NFL.com analyst Bucky Brooks unveiled the third edition of his position rankings for the 2019 NFL Draft.
At least one of the teams selecting 1st through 5th will trade their pick before the Giants select in the first round.
John Schmeelk: Fiction: It would be a real upset if no trades are made ahead of the Giants, given how much movement there often is at the top of the draft. Whether the Cardinals decide to draft Kyler Murray or not will be a significant factor. If they don't, I think it becomes more likely that a team behind them (or the Cardinals themselves) trade down in an attempt to bring in a big haul for their pick. I don't think any of the other quarterbacks will garner enough interest for a trade up. Keep an eye on the Redskins, who have been known to make bold moves.

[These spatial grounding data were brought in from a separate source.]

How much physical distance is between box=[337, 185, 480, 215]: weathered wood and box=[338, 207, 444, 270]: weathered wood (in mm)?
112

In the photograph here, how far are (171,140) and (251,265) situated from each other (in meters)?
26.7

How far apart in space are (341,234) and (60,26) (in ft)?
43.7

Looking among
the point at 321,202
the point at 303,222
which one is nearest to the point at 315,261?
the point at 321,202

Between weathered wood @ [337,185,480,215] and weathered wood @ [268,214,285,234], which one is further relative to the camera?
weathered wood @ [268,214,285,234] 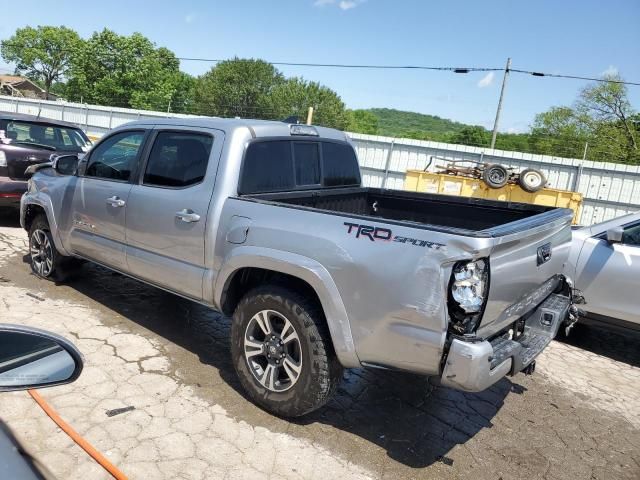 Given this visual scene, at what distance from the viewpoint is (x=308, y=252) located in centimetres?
295

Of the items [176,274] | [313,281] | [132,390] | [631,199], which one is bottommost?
[132,390]

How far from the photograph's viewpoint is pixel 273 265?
310 cm

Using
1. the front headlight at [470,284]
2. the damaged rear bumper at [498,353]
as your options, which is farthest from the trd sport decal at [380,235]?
the damaged rear bumper at [498,353]

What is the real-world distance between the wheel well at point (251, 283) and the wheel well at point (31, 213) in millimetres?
2952

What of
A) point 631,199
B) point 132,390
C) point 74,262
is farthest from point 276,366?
point 631,199

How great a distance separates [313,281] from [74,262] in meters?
3.63

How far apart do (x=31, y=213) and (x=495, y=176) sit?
997cm

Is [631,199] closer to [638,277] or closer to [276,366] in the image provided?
[638,277]

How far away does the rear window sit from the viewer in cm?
367

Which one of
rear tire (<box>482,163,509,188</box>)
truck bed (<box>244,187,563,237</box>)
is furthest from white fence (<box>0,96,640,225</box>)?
truck bed (<box>244,187,563,237</box>)

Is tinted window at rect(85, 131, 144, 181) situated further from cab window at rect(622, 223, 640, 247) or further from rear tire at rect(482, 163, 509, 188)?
rear tire at rect(482, 163, 509, 188)

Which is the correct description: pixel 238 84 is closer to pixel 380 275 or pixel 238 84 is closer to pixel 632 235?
pixel 632 235

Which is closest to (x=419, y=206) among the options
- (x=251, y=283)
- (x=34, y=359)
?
(x=251, y=283)

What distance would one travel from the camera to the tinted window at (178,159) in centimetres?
369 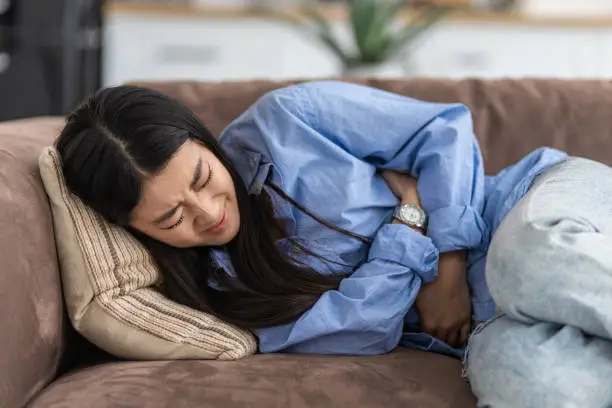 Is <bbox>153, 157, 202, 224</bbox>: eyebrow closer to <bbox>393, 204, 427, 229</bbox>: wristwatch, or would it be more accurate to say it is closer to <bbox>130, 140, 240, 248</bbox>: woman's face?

Lance Medow: Fact: In each of the last three drafts, there's been at least one trade in the top five, so why bet against the trend. Perhaps this group of quarterbacks doesn't excite the league as much as last year, but all it takes is one team to really like a signal caller. On top of that, you can't overlook the fact that three of the teams (Niners, Jets, Raiders) picking in the top five appear to be set at quarterback, which means they're all easily candidates to move down and gain additional picks.
Paul Dottino: Fact: It's just too tempting to suggest that the Raiders - under colorful and sometimes enigmatic head coach Jon Gruden - will make a deal with the fourth overall pick. One logical possibility would be for them to deal with the Redskins (No. 15) - coached by Gruden's brother, Jay - to allow Washington access to a quarterback (more than likely Dwayne Haskins).